Tatsächlich hat die „Lasek-Gruppe“ den Bericht der Miller-Kommission komplett bestätigt und gegen die alternativen Theorien, die besonders von der Sejmgruppe um Antoni Macierewicz vertreten werden, verteidigt.

Alle Verschwörungstheorien unhaltbar

Für die Anschlagstheorie fehlten alle Beweise, so das Credo der „Lasek-Gruppe“. Auch die Theorie eines Triebwerksausfalls oder einer Behinderung der Landung durch die Russen hätten die Kritiker um Macierewicz nie belegen können.

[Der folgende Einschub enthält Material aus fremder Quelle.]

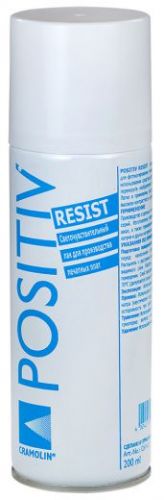 Лак Positiv Resist 200 Cramolin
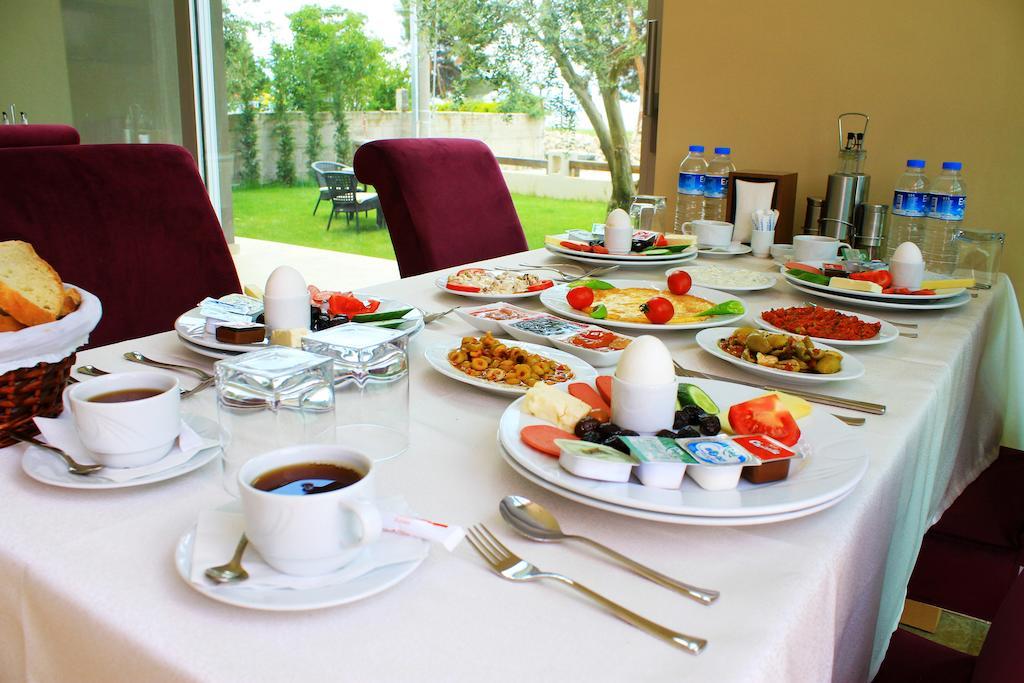 Zeytin Bahcesi Hotel Iznik ภายนอก รูปภาพ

Die Präsidentenmaschine sei einfach zu niedrig geflogen und durch den Kontakt mit Bäumen abgestürzt und zerschellt.

Antoni Macierewicz antwortete sofort auf die Veröffentlichung und beschuldigte die „Lasek-Gruppe“, einfach die russische Propaganda zu wiederholen. Er warf ihr die Fabrikation von Lügen vor. Es sei nicht hinzunehmen, den polnischen Piloten die Schuld zuzuweisen.

Doch Macierewicz scheint in letzter Zeit mit seinen Theorien an Rückhalt zu verlieren. Maciej Lasek hat bereits angedeutet, es könnte eventuell zu einem Treffen der beiden Lager hinter verschlossenen Türen kommen.